The French satirical magazine Le Canard enchaîné reacted to Heitz’s statement with an article entitled L’Europe violée par la Sainte Vierge (“Europe Raped by the Blessed Virgin”) in the 20 December 1989 edition. Heitz also made a connection to the date of the flag’s adoption, 8 December 1955, coinciding with the Catholic Feast of the Immaculate Conception of the Blessed Virgin Mary.
Paul M. G. Lévy, then Director of Information at the Council of Europe responsible for designing the flag, in a 1989 statement maintained that he had not been aware of any religious connotations.
In an interview given 26 February 1998, Lévy denied not only awareness of the “Marian” connection, but also denied that the final design of a circle of twelve stars was Heitz’s. To the question “Who really designed the flag?” Lévy replied:
“I did, and I calculated the proportions to be used for the geometric design. Arsène Heitz, who was an employee in the mail service, put in all sorts of proposals, including the 15-star design. But he submitted too many designs. He wanted to do the European currencies with 15 stars in the corner. He wanted to do national flags incorporating the Council of Europe flag.” [See Carlo Curti Gialdino, I Simboli dell’Unione europea, 2005. pp. 80–85.]

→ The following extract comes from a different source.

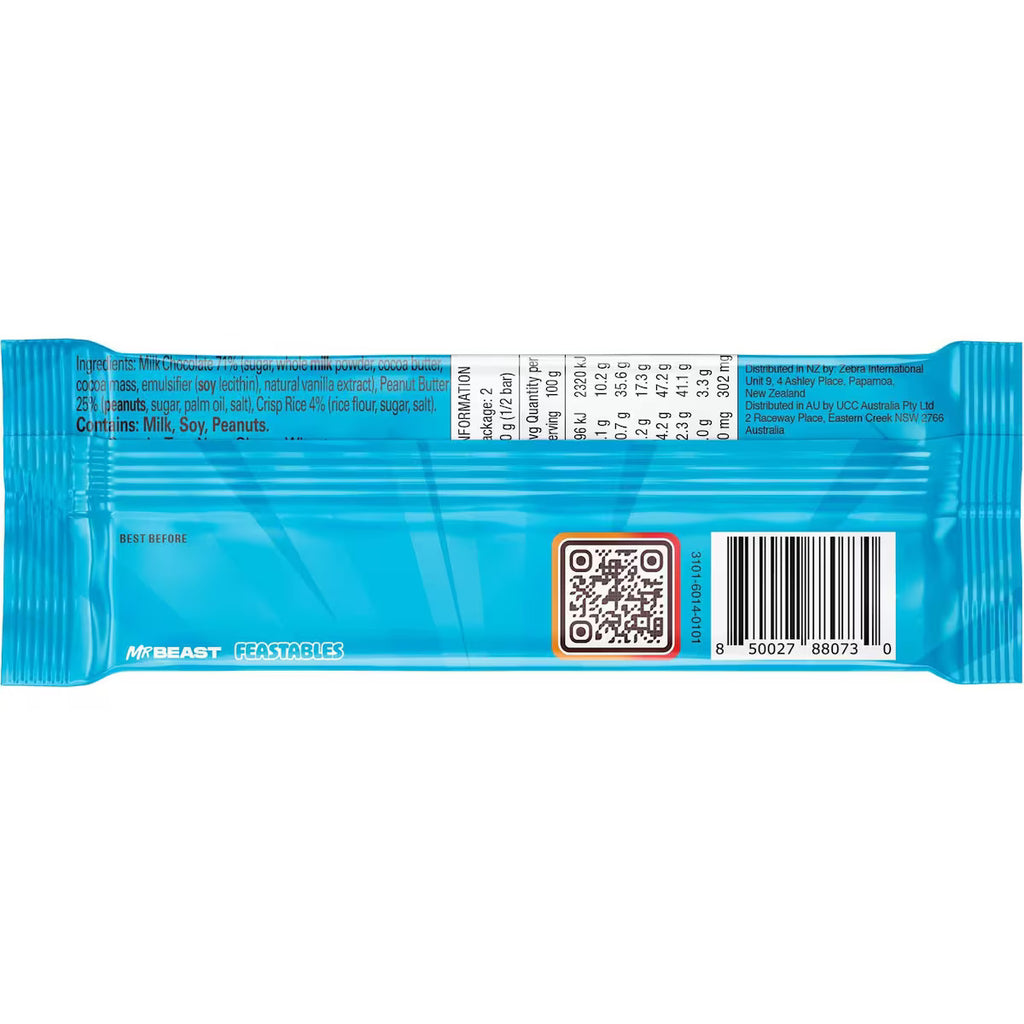 10 Pack x Mr Beast Feastables Chocolate Peanut Butter Crunch - 60g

Carlo Curti Gialdino (2005) has reconstructed the design process to the effect that Heitz’s proposal contained varying numbers of stars, from which the version with twelve stars was chosen by the Committee of Ministers meeting at Deputy level in January 1955 as one out of two remaining candidate designs.
Lévy’s 1998 interview apparently gave rise to a new variant of the “Marian” anecdote. An article published in Die Welt in August 1998 alleged that it was Lévy himself who was inspired to introduce a “Marian” element as he walked past a statue of the Blessed Virgin Mary.